Dataset entries
---*---

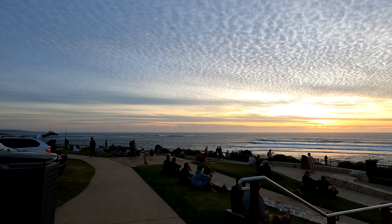Margaret River also has a few caves. We went to the Jewel Caves and we did a guided tour here. It's a little bit dark, but it was so worth it. It was pretty.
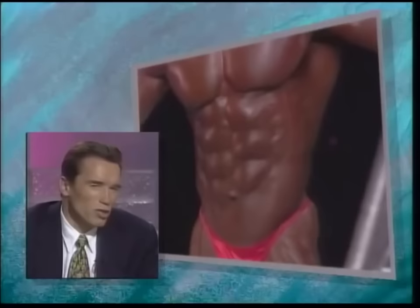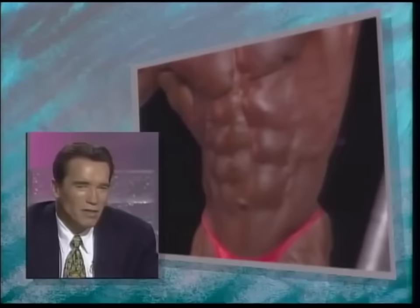His bicep and tricep development is fantastic. And look at the separation between arms and shoulders. He has a very tiny waist — controls it all the time, flexes his abdominals, keeps the vacuum in, keeps it flat. It's wonderful. Here's the split I was talking about earlier — all the way down. This is going to gain some points for him because very few people can do that.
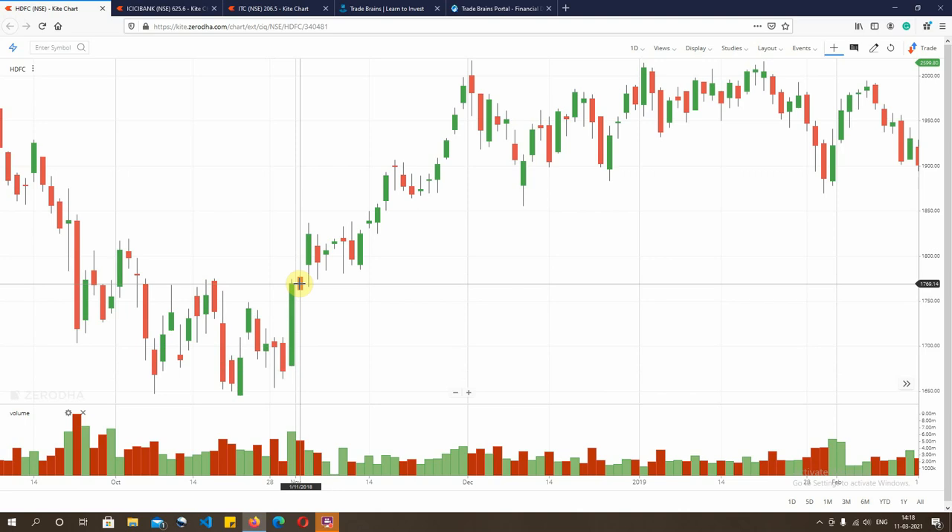Here we are talking about bull marubozu. If you look at this chart, the open was near the level of Rs 1678 and the close was near the level of Rs 1769, which is a candle of nearly Rs 100. You can say there is a wick of Rs 3 to 4, which is hardly 3 to 4% of the candle size. Any pattern which gives you 90% plus accuracy on formation is decent enough to be qualified as that pattern.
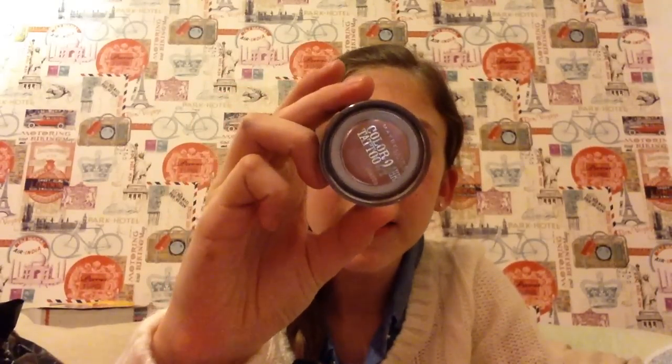Moving on to eyeshadow, I've got this Maybelline New York Colour Tattoo 24 Hour in 65 Pink Gold. I have got another colour — it's like a purpley colour but that does kind of make my eyes look bruised. This one is really pretty because it stays in place all day and it's not too thick and heavy. It's got shimmer in it and it makes my blue eyes pop really well, so I've been loving that.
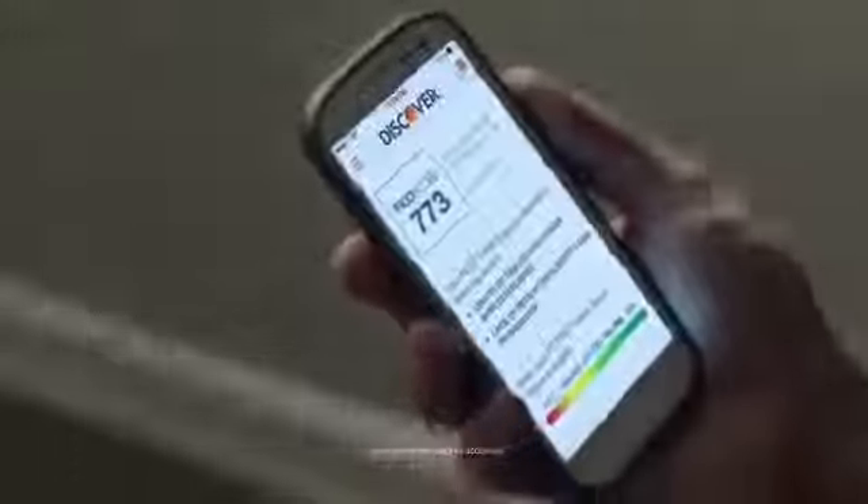Discover card. Hey there, I just got my bill and I see that it includes my FICO credit score. Yep, you have our Discover It card so you get your FICO credit score in your monthly statements and online for free.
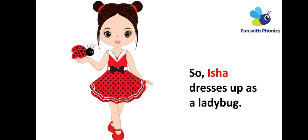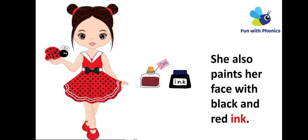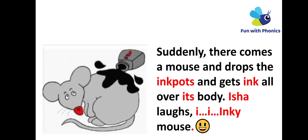So Isha dresses up as a ladybug. She also paints her face with black and red ink. Suddenly a mouse comes and drops the ink pots, getting ink all over its body.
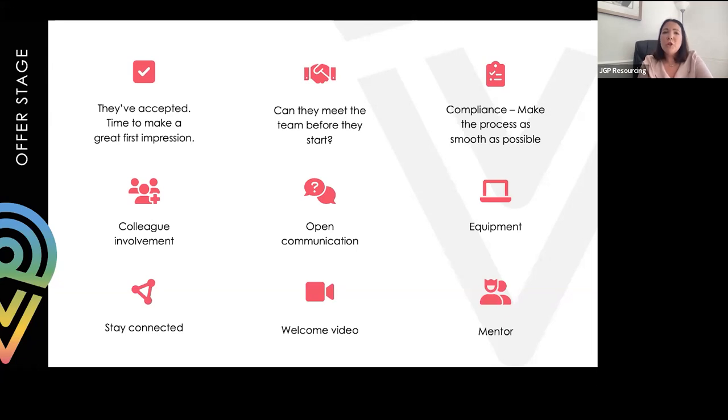Do you have a mentoring programme or a work buddy system? No matter what level you're at, starting in a new business you want someone you can contact, ask where things are, or get information from. A buddy can be at the same level, someone higher for junior candidates, or someone from another department. Being asked to be a mentor also improves engagement for that individual - it shows them they're doing a really good job and are a valuable part of the team.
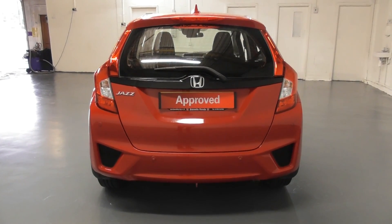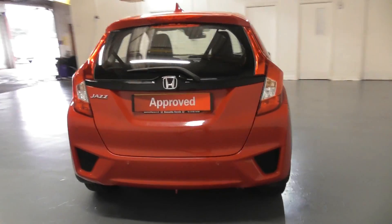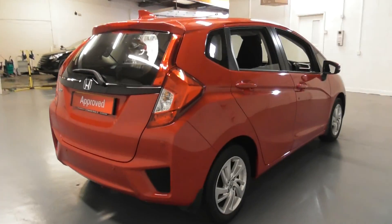You can extend your peace of mind with an additional 12 months guarantee, currently only £299.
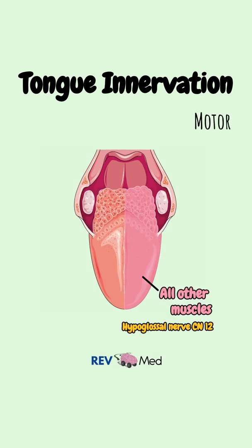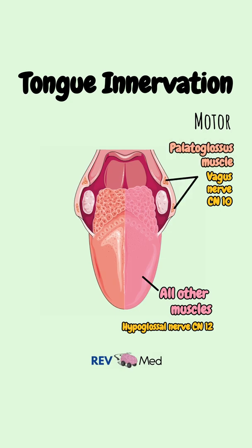Now the exceptions are the motor innervation — the vagus nerve, cranial nerve 10, innervating the palatoglossus muscle.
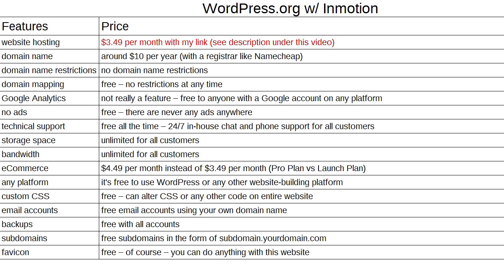There's another option: using WordPress software with your own web host. I recommend InMotion Hosting — it's the host I use for all my websites. Hosting is $3.49/month, your domain name is about $10/year, and privacy protection is just a couple dollars per year through a registrar like Namecheap. There are no domain mapping restrictions, never any ads on your site, and you get 24/7 free in-house technical support via chat or phone.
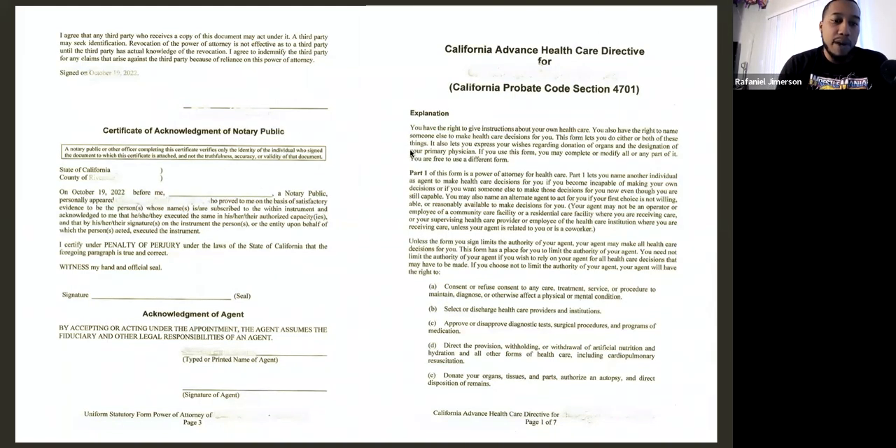That's the Uniform Statutory Form Power of Attorney — we just get their signature and make sure we get this document signed and notarized. Typically, if you see the section that says 'Acknowledgement of Agent,' that section is for the principal's agent to sign. If they're not present at the signing, that's perfectly fine — just encourage the signer to have their agent sign this document at some point, and you should be all set.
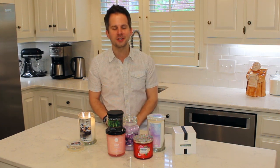Subscribe below, let me know what you think about the candles, and I'll come back with a post-burn review of this Kringle Blueberry Muffin candle soon. Y'all have a great day — see you next time!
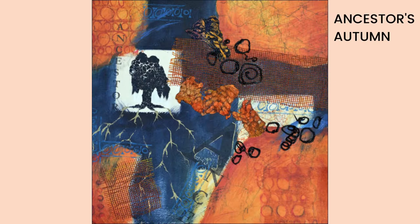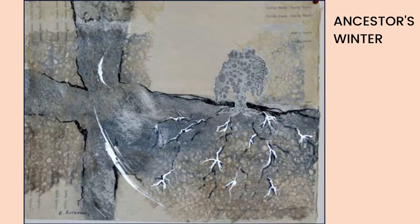Her latest exhibit, Ancestor Roots, was inspired by her move back to eastern Washington, which reminded her of her childhood and her ancestors living on a farm. The theme of returning to the roots of her ancestors recurs throughout the exhibit.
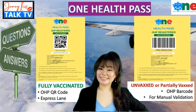If you are unvaccinated or partially vaccinated, what you will receive upon completing the One Health Pass registration form is not a QR code — instead, it is a One Health Pass barcode. You can still fly to the Philippines and this barcode is valid for boarding. However, since you were not asked to upload COVID-19 testing documents online, upon arrival in the Philippines you will need to queue at the manual validation counter.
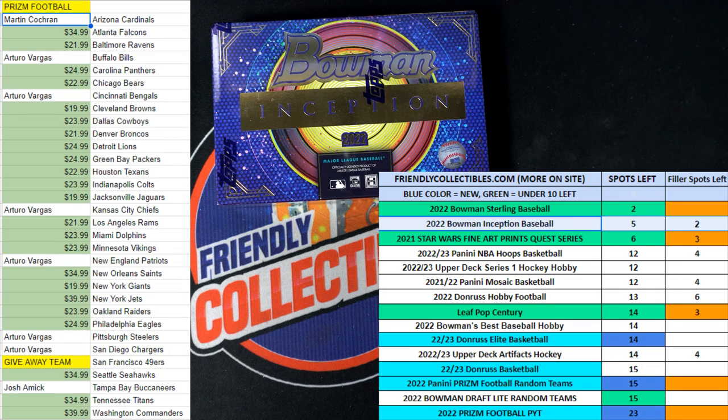Here we go. It is race time. This is a filler race — filler B for 2022 Bowman Inception Baseball Hobby Box 117.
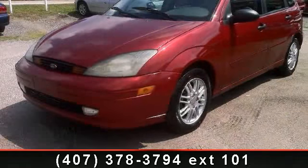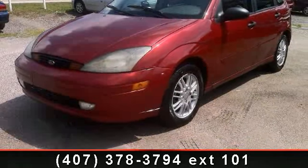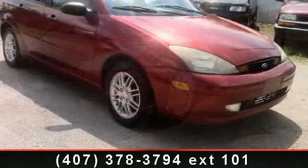Presenting the 2003 Ford Focus CX-5. This may be the set of wheels you've been looking for.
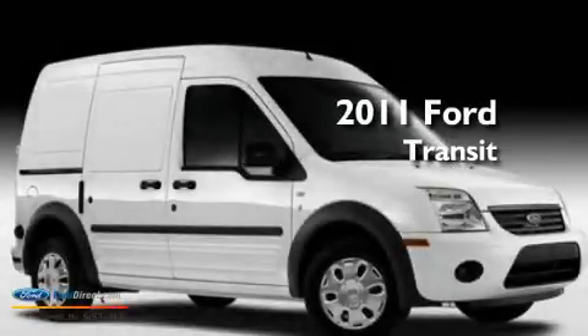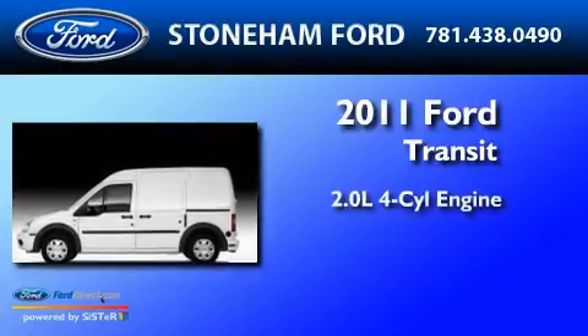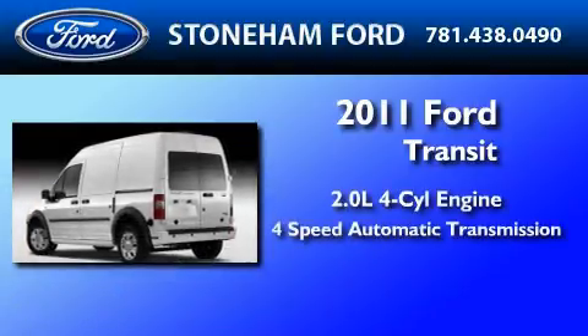This is a brand new 2011 Ford Transit Connect. It features a 2.0-liter four-cylinder engine and a four-speed automatic transmission.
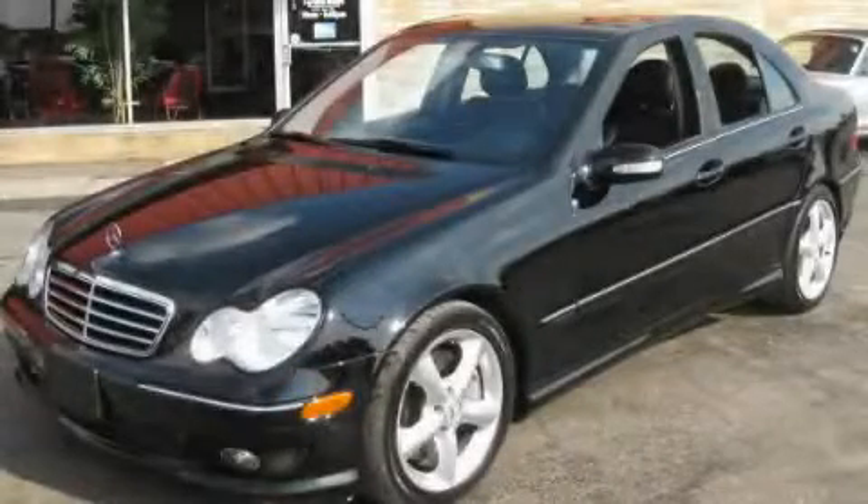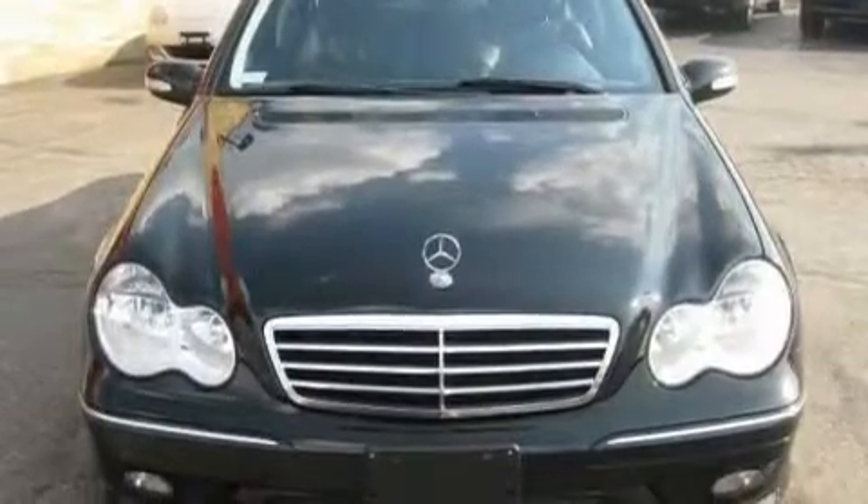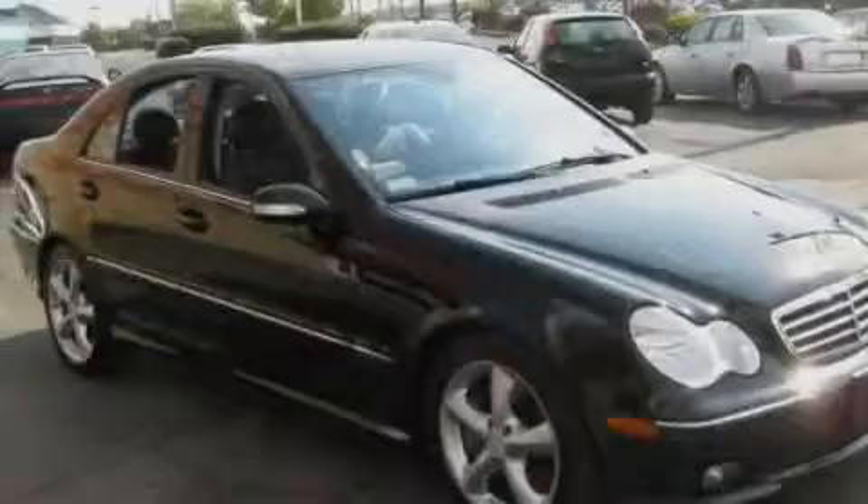This is a 2005 Mercedes-Benz C-Class, a driving experience that provides endless luxury. It has a 1.8-liter four-cylinder engine and an automatic transmission.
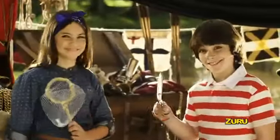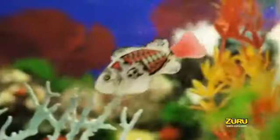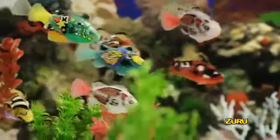They swim like real fish, making them tough to catch, especially to a pirate with an eye patch. Moving from side to side, they'll dip and dive like they're alive.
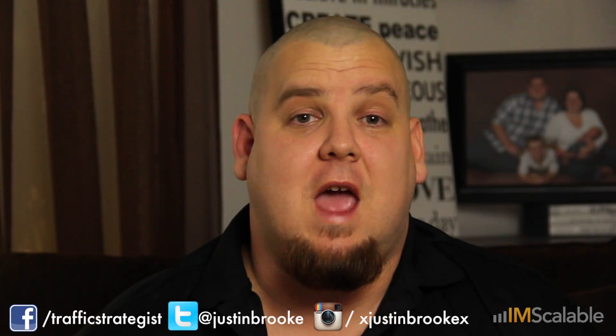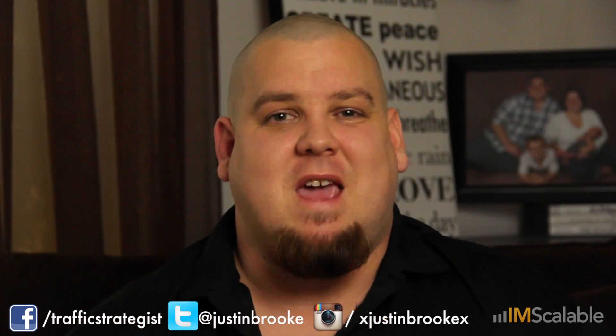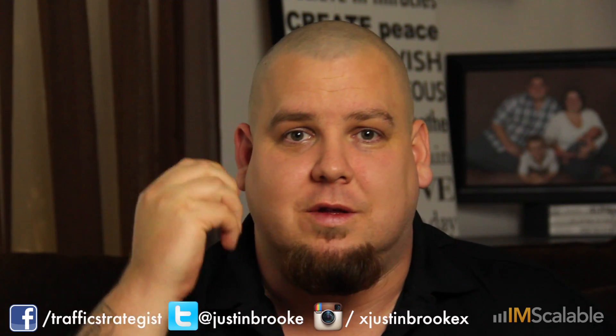Hey, what's up? I'm Justin Brooke, the traffic guy that millionaires recommended. Today I want to tell you a trick to increase your EPC — that's your earnings per click. This is the metric that makes you money. Forget about conversion rates, forget about all that soft stuff. I'm talking about things that put dollars in wallets: EPC.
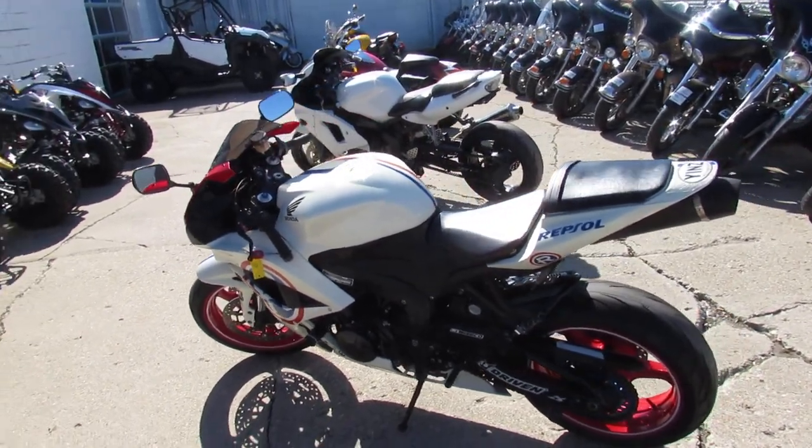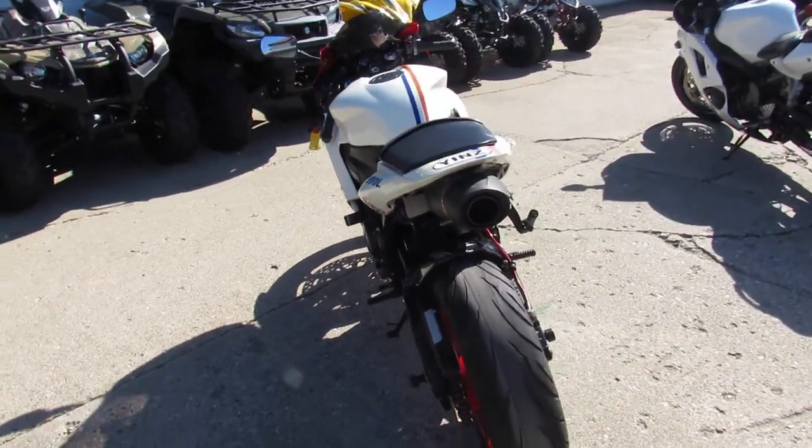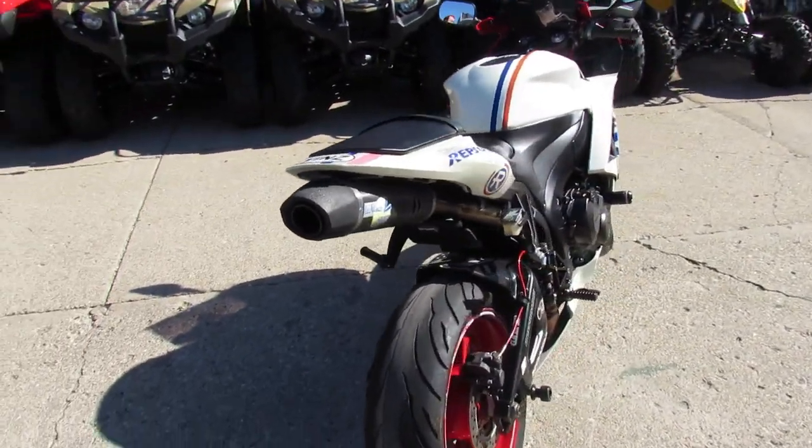Hey guys, it's ApprovalPowerSports.com here. We've got over 200 used sport bikes in our showroom for sale. The weather's right, end of February, 65 degrees.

---*---

→ Exercise
Keep to the lines above from the line with "Subscribe below, let" to the line with "Her latest exhibit, Ancestor", and set down exactly those, inclusive, with nothing else and every picture left out.

→ Answer to this task
Subscribe below, let me know what you think about the candles, and I'll come back with a post-burn review of this Kringle Blueberry Muffin candle soon. Y'all have a great day — see you next time!
Her latest exhibit, Ancestor Roots, was inspired by her move back to eastern Washington, which reminded her of her childhood and her ancestors living on a farm. The theme of returning to the roots of her ancestors recurs throughout the exhibit.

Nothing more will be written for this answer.